** Brief descriptive captions **
%%

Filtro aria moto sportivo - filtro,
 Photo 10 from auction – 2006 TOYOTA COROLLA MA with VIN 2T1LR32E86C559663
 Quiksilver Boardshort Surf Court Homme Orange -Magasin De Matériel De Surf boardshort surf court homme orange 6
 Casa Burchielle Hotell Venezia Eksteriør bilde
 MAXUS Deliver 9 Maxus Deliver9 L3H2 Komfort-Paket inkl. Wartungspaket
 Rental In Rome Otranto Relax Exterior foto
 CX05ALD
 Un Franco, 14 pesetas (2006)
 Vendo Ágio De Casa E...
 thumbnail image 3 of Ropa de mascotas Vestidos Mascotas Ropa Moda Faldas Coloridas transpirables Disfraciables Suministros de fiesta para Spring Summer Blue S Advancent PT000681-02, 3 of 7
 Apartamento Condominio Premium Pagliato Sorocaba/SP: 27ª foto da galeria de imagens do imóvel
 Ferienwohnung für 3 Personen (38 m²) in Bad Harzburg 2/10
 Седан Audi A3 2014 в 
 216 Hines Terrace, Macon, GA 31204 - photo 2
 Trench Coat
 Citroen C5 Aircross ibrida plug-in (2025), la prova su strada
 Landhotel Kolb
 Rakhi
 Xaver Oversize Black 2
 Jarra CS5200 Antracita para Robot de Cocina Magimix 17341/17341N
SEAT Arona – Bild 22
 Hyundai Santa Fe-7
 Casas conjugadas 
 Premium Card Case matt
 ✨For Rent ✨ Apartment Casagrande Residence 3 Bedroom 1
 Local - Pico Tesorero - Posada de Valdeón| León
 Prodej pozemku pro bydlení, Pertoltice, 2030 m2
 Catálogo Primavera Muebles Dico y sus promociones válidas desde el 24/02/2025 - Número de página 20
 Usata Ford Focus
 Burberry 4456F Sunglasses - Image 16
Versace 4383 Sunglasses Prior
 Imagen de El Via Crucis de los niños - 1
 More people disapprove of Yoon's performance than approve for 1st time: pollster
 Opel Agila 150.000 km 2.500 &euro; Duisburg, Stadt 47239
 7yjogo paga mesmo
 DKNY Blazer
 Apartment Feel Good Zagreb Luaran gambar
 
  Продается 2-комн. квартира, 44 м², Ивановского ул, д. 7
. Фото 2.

%%

Return, exactly, the lines from the first line of the records above to the line containing "thumbnail image 3", both included.

** EXERCISE SOLUTION **
Filtro aria moto sportivo - filtro,
 Photo 10 from auction – 2006 TOYOTA COROLLA MA with VIN 2T1LR32E86C559663
 Quiksilver Boardshort Surf Court Homme Orange -Magasin De Matériel De Surf boardshort surf court homme orange 6
 Casa Burchielle Hotell Venezia Eksteriør bilde
 MAXUS Deliver 9 Maxus Deliver9 L3H2 Komfort-Paket inkl. Wartungspaket
 Rental In Rome Otranto Relax Exterior foto
 CX05ALD
 Un Franco, 14 pesetas (2006)
 Vendo Ágio De Casa E...
 thumbnail image 3 of Ropa de mascotas Vestidos Mascotas Ropa Moda Faldas Coloridas transpirables Disfraciables Suministros de fiesta para Spring Summer Blue S Advancent PT000681-02, 3 of 7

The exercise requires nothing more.